■ Your assignment ■
The records below must be returned exactly, with every picture left out.

■ The data ■
========
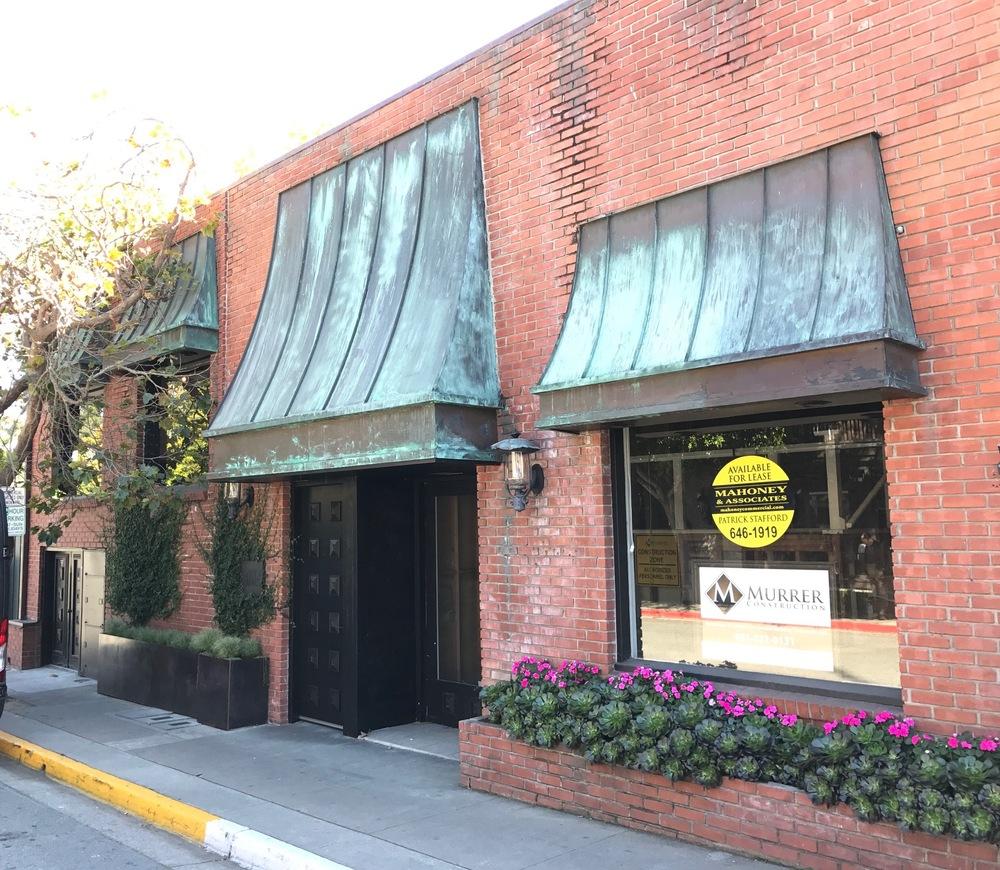 OCEAN AVENUE RETAIL / OFFICE SPACE FOR LEASE MODERN LOFT-STYLE OFFICE/RETAIL SPACE FOR LEASE Block 70, Ocean Ave 2NW of Mission Street, Carmel-by-the-Sea, CA 93921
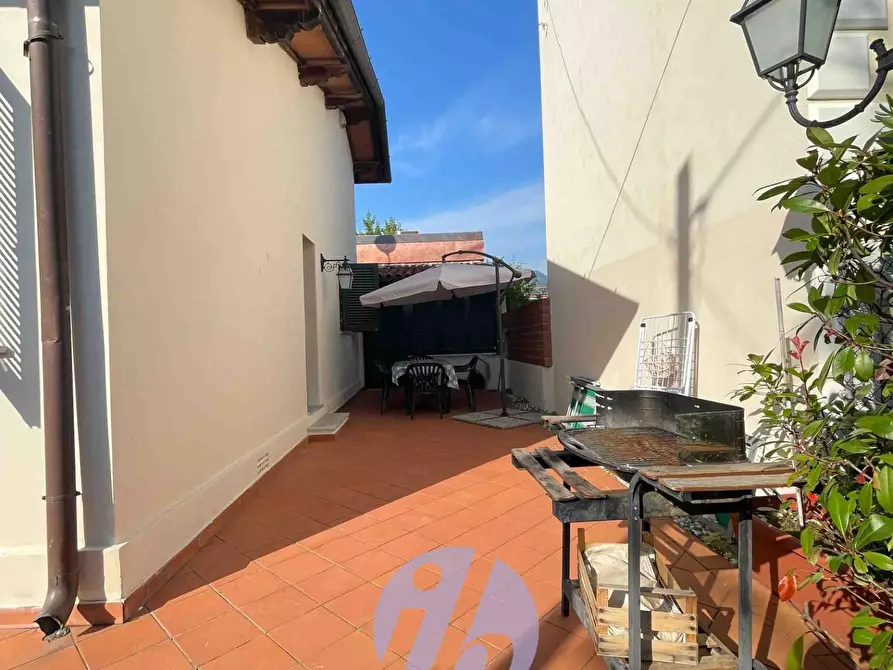 Immagine 4 di Casa bifamiliare in vendita  a Pietrasanta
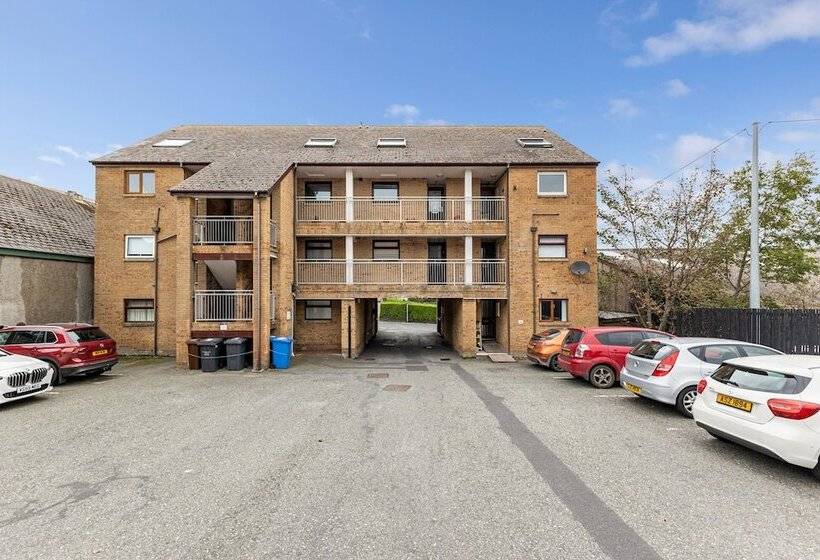 Central Apartment 3b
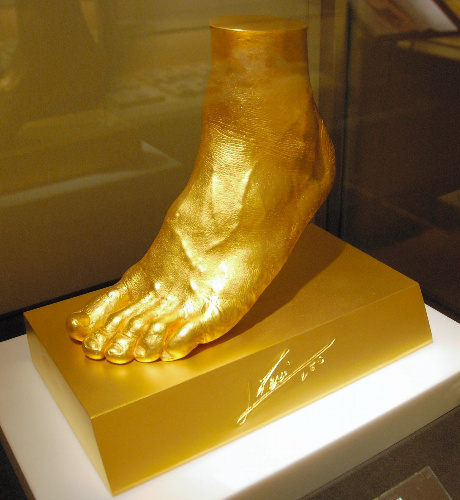 梅西的“黄金左脚”在日本展售 标价5亿日元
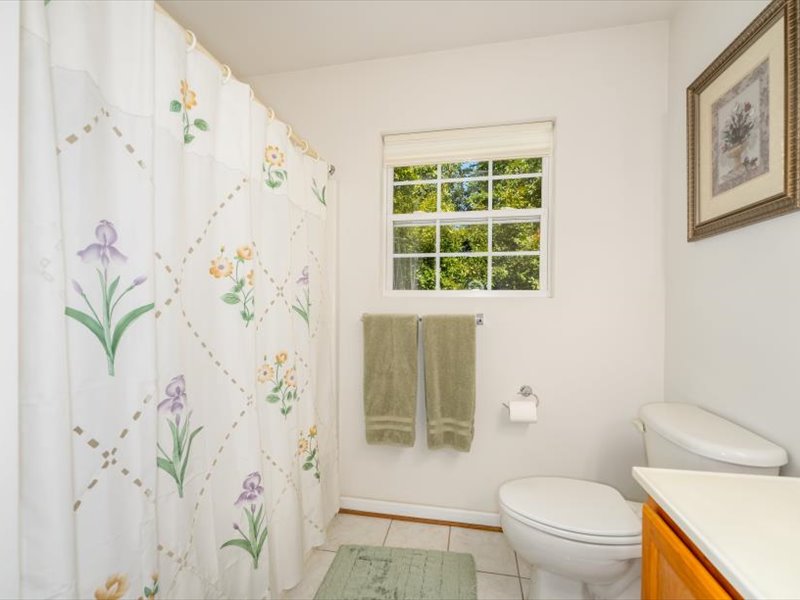 55-10 Cliftwood Rd-047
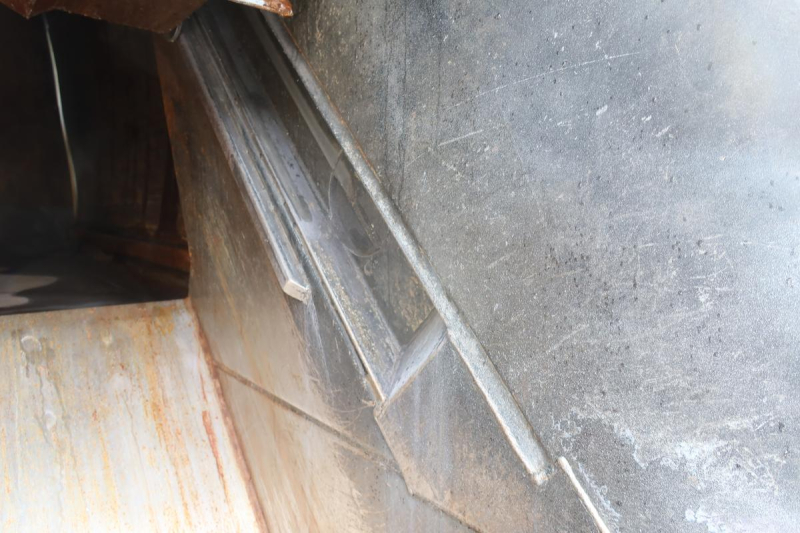 プレス式パッカー車 新明和製8.2立米 積載1750kg|中古トラックの販売・買取・査定のアイナビ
========
■ Result ■
 OCEAN AVENUE RETAIL / OFFICE SPACE FOR LEASE MODERN LOFT-STYLE OFFICE/RETAIL SPACE FOR LEASE Block 70, Ocean Ave 2NW of Mission Street, Carmel-by-the-Sea, CA 93921
 Immagine 4 di Casa bifamiliare in vendita  a Pietrasanta
 Central Apartment 3b
 梅西的“黄金左脚”在日本展售 标价5亿日元
 55-10 Cliftwood Rd-047
 プレス式パッカー車 新明和製8.2立米 積載1750kg|中古トラックの販売・買取・査定のアイナビ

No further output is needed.